I know, I know, I’m trying to logically figure out the thinking of people for whom logic is a nasty psychosis to be driven out through prayer and typeface abuse. I can’t help it; it’s just my nature. And there are no laws for the protection of logic-users in our society.
14 February 2010, 8:55 pm
Today, out of the blue, someone on Facebook wrote on my Wall. (For those of you not sucked into the world of Facebook, your “Wall” is basically an inbox that the whole world can see. This leads to some amusement when someone doesn’t realize it’s public and leaves something on someone’s Wall like “Did that lotion take care of your crabs?” But I suppose it’s just antiquated notions about privacy that make that amusing.)
The person was a very casual acquaintance – so casual that if we saw one another at a restaurant, it’s likely we’d both just think, “Gosh, he looks familiar.”
What was on my wall? It was actually a picture of some roses, with text that said something like, “Here is your special Valentine’s Day greeting. I picked it out just for you!”
How odd, I thought. Then I noticed that on my main Facebook page, I could see that the same person had sent the exact same greeting to a number of other people. Each got their own special (identical) Valentine’s picture, with the announcement, “I picked it out just for you!”
No doubt the application that creates this picture has an option to send it to everyone in your address book (while accessing all of their address books, too).
Now, I don’t want to be a jerk; I’m sure his intentions were to just send something nice to everybody he knows. There is nothing really wrong with that.
But am I really a jerk for finding a mass electronic Valentine’s greeting from someone I hardly know with the words, “I picked this out just for you!” kind of strange and a little tragic?
This is what annoys me about social media. Before, I heard much less from a lot of people. Now I hear a lot more from them. And sometimes – not just occasionally, but enough to keep me participating – it’s really nice and I enjoy it.

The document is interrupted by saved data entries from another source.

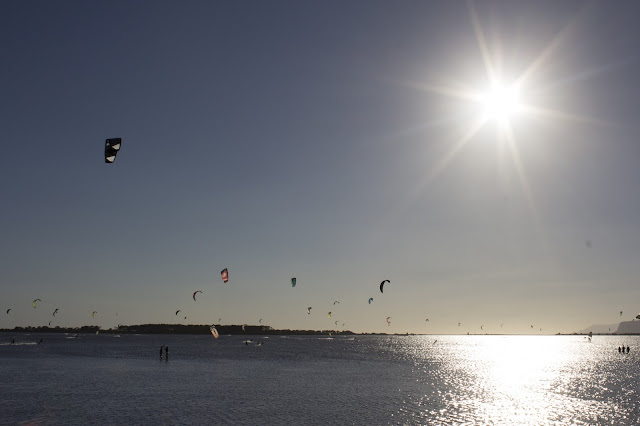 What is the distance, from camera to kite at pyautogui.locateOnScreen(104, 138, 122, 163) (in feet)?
71.7

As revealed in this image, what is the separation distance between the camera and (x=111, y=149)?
22312 mm

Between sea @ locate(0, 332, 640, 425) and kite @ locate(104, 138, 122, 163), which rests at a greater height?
kite @ locate(104, 138, 122, 163)

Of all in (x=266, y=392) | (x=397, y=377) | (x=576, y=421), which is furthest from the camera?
(x=397, y=377)

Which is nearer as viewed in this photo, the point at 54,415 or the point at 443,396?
the point at 54,415

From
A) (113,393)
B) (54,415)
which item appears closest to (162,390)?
(113,393)

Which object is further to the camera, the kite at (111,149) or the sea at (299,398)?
the sea at (299,398)

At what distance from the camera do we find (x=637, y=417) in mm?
30516

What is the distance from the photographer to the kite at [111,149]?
21867 millimetres

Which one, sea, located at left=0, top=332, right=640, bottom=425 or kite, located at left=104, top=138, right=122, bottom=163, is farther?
sea, located at left=0, top=332, right=640, bottom=425

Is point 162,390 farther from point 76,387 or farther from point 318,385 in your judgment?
point 318,385

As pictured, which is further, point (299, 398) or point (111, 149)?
point (299, 398)

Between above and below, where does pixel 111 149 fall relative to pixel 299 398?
above

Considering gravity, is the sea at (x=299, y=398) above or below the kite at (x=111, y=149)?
below

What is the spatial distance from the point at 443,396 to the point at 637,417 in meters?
13.1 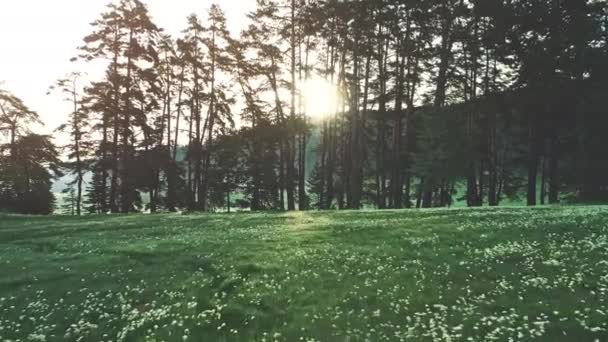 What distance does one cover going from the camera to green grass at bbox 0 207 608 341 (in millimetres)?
10875

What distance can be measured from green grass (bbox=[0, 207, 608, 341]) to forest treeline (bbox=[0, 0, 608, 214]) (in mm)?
19129

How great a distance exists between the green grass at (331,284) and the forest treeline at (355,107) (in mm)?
19129

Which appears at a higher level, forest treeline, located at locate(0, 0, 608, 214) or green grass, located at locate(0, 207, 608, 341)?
forest treeline, located at locate(0, 0, 608, 214)

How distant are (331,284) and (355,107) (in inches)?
1140

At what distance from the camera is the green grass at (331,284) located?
10875 mm

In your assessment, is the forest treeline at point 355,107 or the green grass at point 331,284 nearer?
the green grass at point 331,284

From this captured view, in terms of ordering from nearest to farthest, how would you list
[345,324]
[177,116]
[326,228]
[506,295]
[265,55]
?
[345,324]
[506,295]
[326,228]
[265,55]
[177,116]

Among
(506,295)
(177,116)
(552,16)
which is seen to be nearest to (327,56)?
(177,116)

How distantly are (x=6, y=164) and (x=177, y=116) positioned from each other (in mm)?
19261

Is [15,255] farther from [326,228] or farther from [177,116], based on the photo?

It’s just the noise level of dumb stuff that makes me always wonder if there’s a downside to this. Getting a random greeting from a casual contact is fine; otherwise, I’d have heard nothing at all from him and never thought about it. But I wonder how many people I might actually have that real conversation with a couple of times a year are becoming people I see an endless stream of Facebook updates from but will never actually talk to in any meaningful way.
That bothers me.
There’s nothing about these social media contacts that prevents more real interactions. It’s just that with a constant stream of low-grade “updates” and “statuses,” the need for contact gets satisfied for a short time, and the will to make an effort for real interactions fades a bit. And so I worry that we’re anaesthetizing ourselves to one another.
And then there’s the other part: I got a special Valentine’s greeting from someone… but, I am reasonably sure that in the process of sending it, my name never even crossed his mind. I was just another entry in an address book automatically getting sent a picture by some Facebook application.
So maybe I’m a jerk and can’t appreciate a nice greeting, but frankly, it just feels like a dose of alienation.
Perhaps I just need to move to a mountain and start writing letters with a fountain pen while listening to the Victrola. But this brave new world of technologically-mediated social interactions feels increasingly like a rather lonely place.